→ What is required
Starting at the line below with "MuscleBlaze Biozyme Performance" and stopping at the line with "Leggings Deportivos Antibacterianos", please print each line exactly, those two included, and skip every picture.

→ Given records
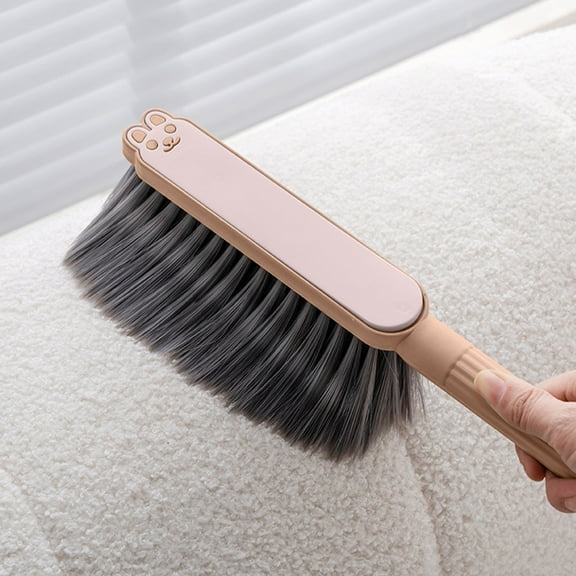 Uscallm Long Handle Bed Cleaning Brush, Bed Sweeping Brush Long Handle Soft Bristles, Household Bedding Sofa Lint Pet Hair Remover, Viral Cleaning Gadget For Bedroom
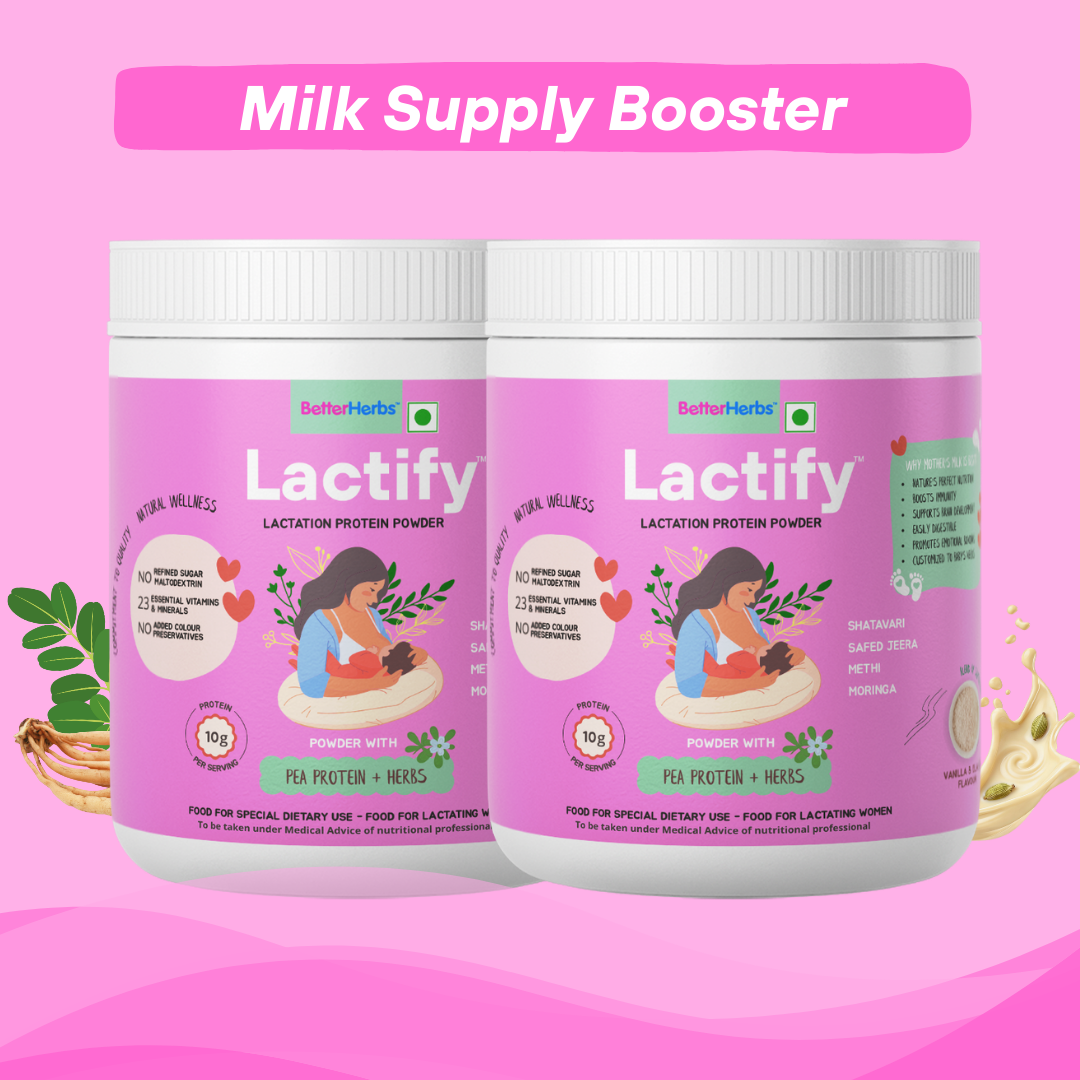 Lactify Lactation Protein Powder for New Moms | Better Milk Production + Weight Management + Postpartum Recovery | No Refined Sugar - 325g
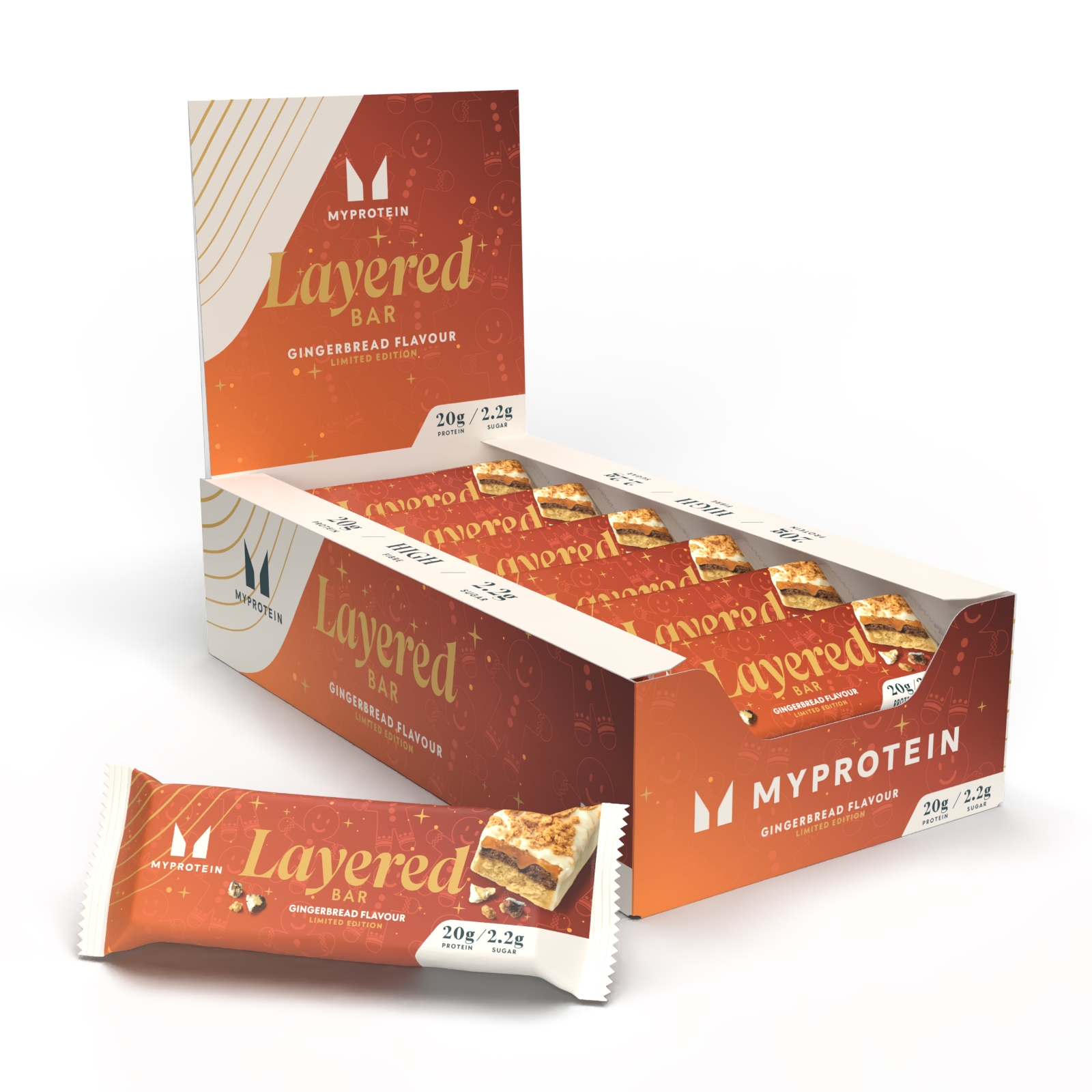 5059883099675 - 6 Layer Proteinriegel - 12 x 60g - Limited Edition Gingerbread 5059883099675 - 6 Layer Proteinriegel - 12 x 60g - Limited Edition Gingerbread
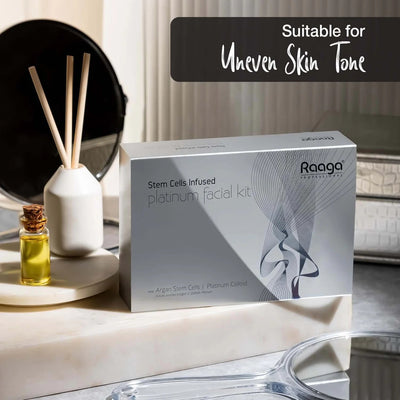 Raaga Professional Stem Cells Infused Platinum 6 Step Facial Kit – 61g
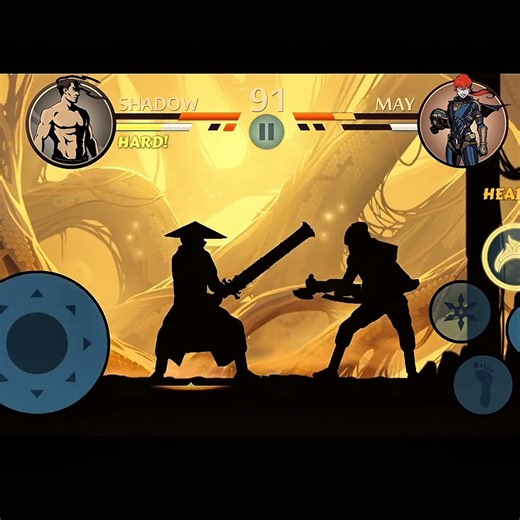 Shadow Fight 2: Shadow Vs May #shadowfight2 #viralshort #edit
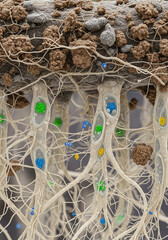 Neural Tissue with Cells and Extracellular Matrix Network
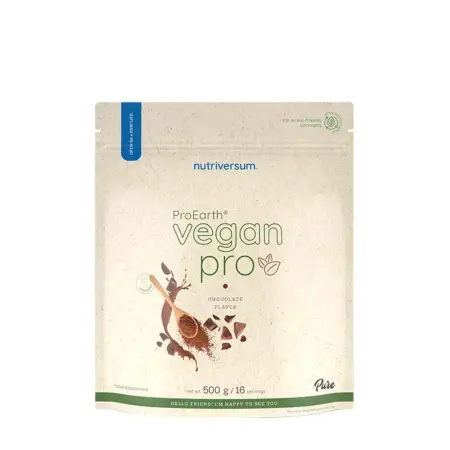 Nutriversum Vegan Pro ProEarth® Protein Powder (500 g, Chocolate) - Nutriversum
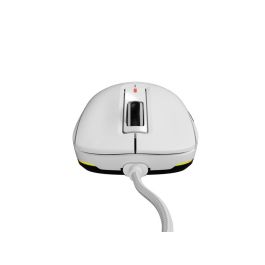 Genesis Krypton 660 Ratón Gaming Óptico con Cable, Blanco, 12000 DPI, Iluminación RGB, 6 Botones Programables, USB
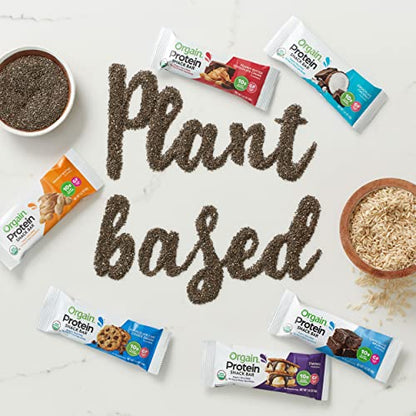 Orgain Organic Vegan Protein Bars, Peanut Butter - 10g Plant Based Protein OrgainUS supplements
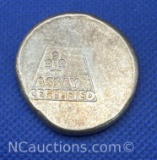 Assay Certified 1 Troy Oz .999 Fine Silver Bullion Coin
--
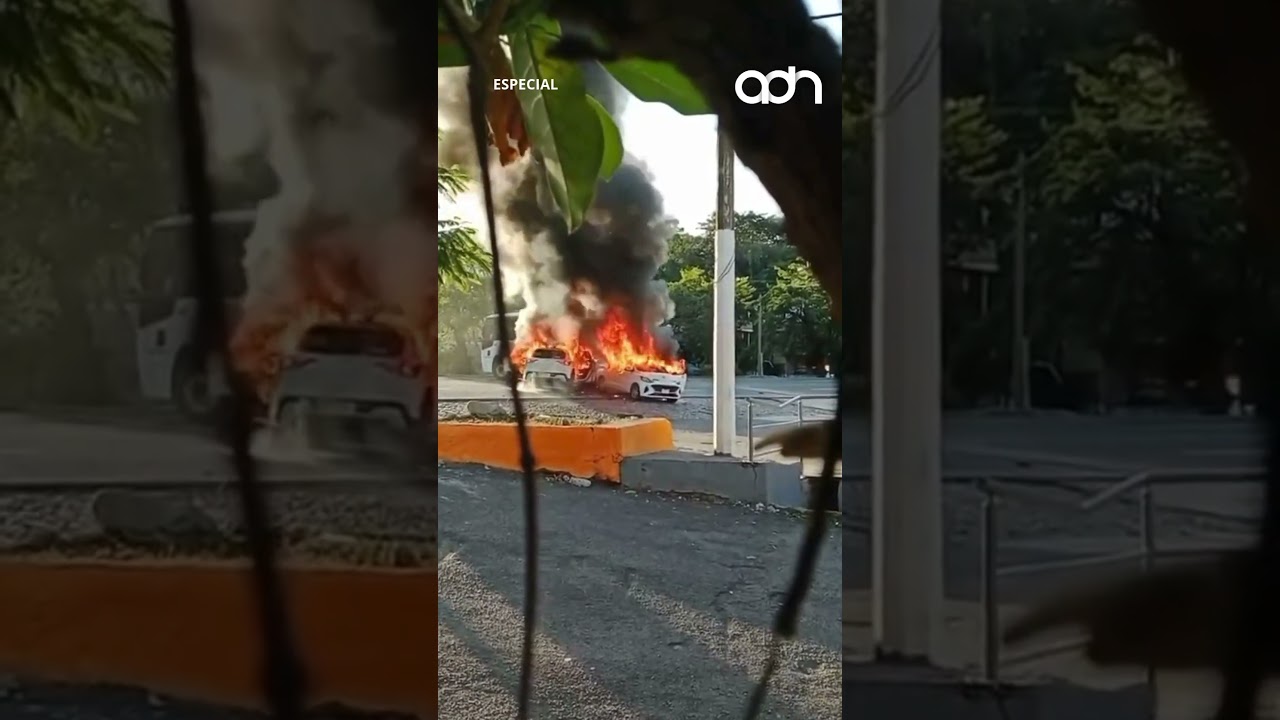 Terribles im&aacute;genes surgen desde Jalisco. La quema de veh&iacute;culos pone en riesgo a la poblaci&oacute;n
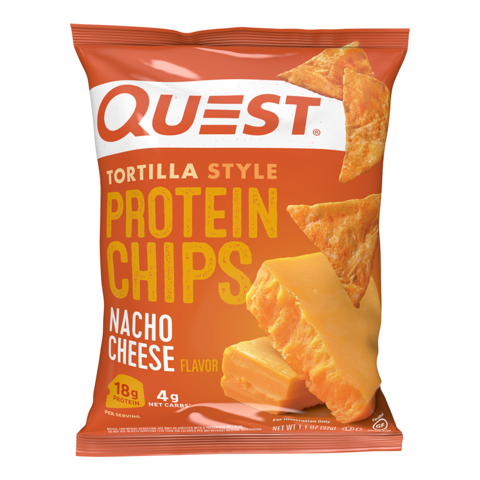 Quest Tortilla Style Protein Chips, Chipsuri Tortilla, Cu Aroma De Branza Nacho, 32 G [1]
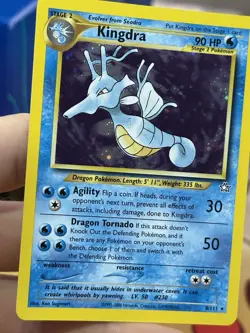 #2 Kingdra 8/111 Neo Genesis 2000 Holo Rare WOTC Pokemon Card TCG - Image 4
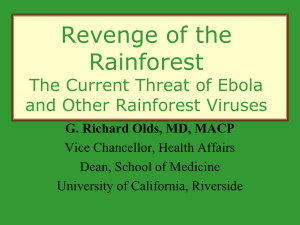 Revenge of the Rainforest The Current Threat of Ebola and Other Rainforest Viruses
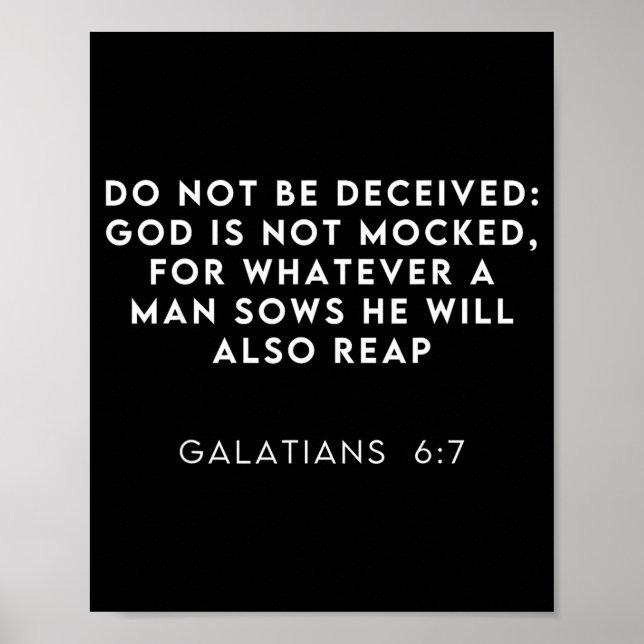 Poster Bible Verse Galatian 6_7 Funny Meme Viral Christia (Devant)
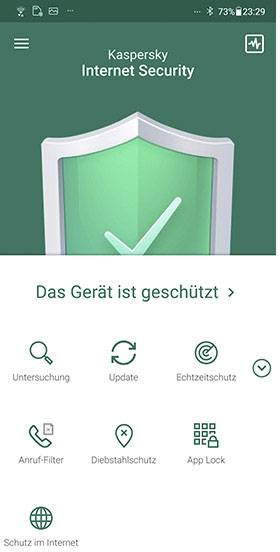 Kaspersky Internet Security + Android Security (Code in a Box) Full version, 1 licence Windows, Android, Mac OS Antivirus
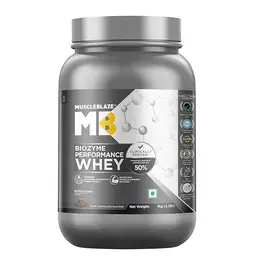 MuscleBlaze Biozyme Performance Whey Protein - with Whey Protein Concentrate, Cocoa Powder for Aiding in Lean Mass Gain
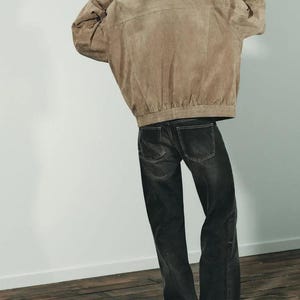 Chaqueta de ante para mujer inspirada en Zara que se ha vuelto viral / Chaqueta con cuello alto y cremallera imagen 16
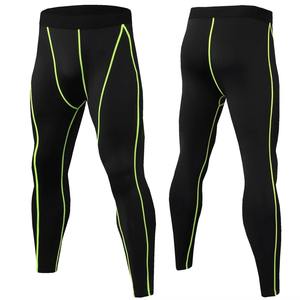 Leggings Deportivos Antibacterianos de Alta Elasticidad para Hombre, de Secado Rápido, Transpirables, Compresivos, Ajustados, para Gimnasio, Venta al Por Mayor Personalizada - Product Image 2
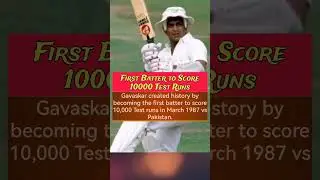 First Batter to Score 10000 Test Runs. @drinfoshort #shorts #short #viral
==
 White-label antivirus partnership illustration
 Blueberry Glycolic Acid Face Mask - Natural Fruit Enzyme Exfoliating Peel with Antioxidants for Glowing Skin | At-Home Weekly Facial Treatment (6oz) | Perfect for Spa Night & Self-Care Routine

→ Result below
 MuscleBlaze Biozyme Performance Whey Protein - with Whey Protein Concentrate, Cocoa Powder for Aiding in Lean Mass Gain
 Chaqueta de ante para mujer inspirada en Zara que se ha vuelto viral / Chaqueta con cuello alto y cremallera imagen 16
 Leggings Deportivos Antibacterianos de Alta Elasticidad para Hombre, de Secado Rápido, Transpirables, Compresivos, Ajustados, para Gimnasio, Venta al Por Mayor Personalizada - Product Image 2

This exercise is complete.